On Tuesday morning I caught Neil MacGregor’s broadcast, one of his 30-part series on “Living with the Gods”. Generally he has focused on the role played by systems of belief and drawn from objects from the British Museum archive. This time he spoke about godlessness, the French and Russian Revolutions and how, in their different ways, they thought they had freed mankind from “the shackles of religion and superstition.” He concluded by looking at contemporary Britain, hazarding the suggestion that “we are trying to do something that no society has really done. We are trying to live without an agreed narrative of our communal place in the cosmos and in time.”
If one accepts that the French Revolution was short-lived in its attempt at official atheism and that the Russian Revolution ushered in a mere seventy years of Marxism-Communism which, with its Holy Writ (Das Kapital), its prophets, its palaces of culture and so on, could be seen as an alternative, if appalling, form of religion, MacGregor is surely right.

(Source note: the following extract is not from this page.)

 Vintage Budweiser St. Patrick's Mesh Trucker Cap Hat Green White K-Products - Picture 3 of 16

He suggests the change in our society began in the 1960s. One might quibble over that date; Matthew Arnold had predicted it and two World Wars certainly hastened it, but the decade of the 1960s does seem the one that decisively cut off our society’s moorings from established religious tradition and belief.

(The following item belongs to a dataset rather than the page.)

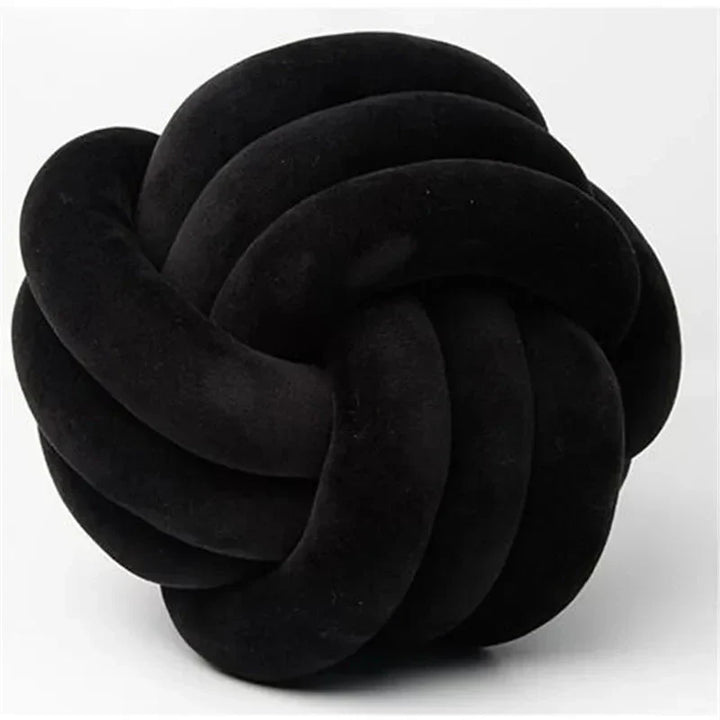 Lisslune | Decorative knotted suede-look ball soft cushion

What is it like to be a poet in a post-Christian society? I raise this question because my book club has asked its members to choose a poem for our next meeting and someone has chosen Philip Larkin’s Aubade. It was written in 1977 and pays oblique tribute to MacGregor’s sense of modern irreligiousness. It is undoubtedly a fine poem (Larkin’s last major one), forcing the reader to acknowledge its careful use of language, its control, above all its air of authority. “This is the way it is” Larkin is arguing; swept along by the poem’s magisterial rhetoric, it is hard to disagree with him. We are offered an irredeemably bleak vision of what it means to face up to the implications of the death of God: death is an abyss staring any sentient person in the face when undistracted temporarily by “people or drink.”
People sometimes quote the final line of Larkin’s An Arundel Tomb, written in 1956: “What will survive of us is love” – as if to prove what a hopeful chap he really was. I think “Aubade” is what he really thought, not gladly greeting the dawn as the title ironically implies, but heralding that final long night of nothingness.

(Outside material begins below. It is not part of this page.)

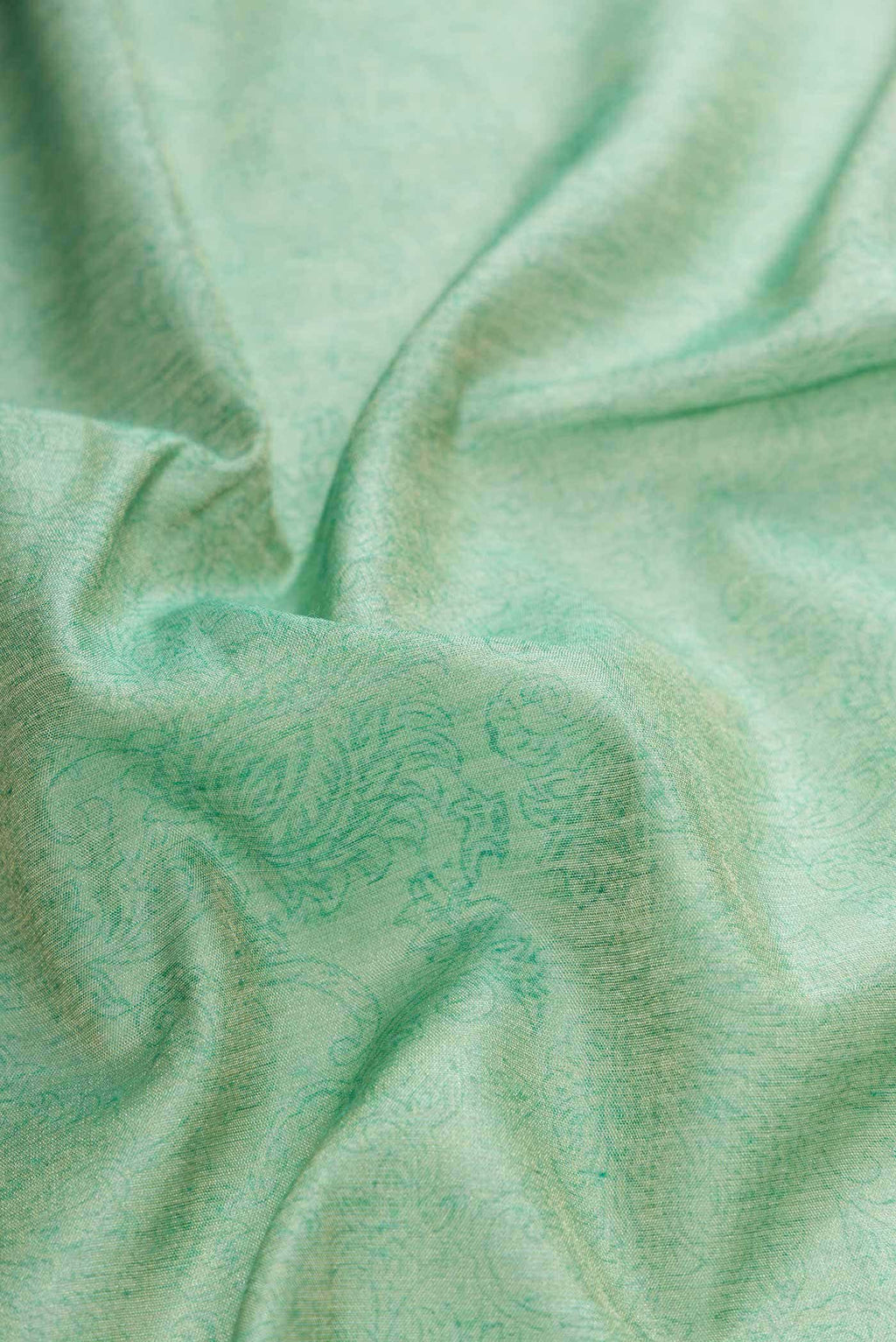 Light Green Tussar Silk Saree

For Larkin (but not for Sir Neil MacGregor who, when he was the Director of the National Gallery, produced the inspired millennial exhibition, Seeing Salvation) religion is merely “that vast, moth-eaten musical brocade/created to pretend we never die…” I can’t think of a poem that more encapsulates the modern age, its cynicism, its world-weariness, its underlying sense of despair.
Fortunately – indeed providentially one might say – Larkin’s desolation and modern Britain’s deadly dalliance with “trying to live without an agreed narrative of our communal place in the cosmos” can be countered by a single image: this is a painting by the early Renaissance artist Piero della Francesca that I was especially glad to see chosen by Charles Saatchi last week for his column in the Telegraph about great masterpieces of art. It is The Resurrection and it can still be seen where it was painted (between 1463-65) on the far wall of the town hall in Borgosansepolcro, Tuscany.
For those who have eyes to see, here is true majesty, awe-inspiring authority; a fresco dauntingly unsentimental in its depiction of the risen Christ and one that challenges the spectator with the same question asked of St Peter 2000 years ago: “Who do you say that I am?”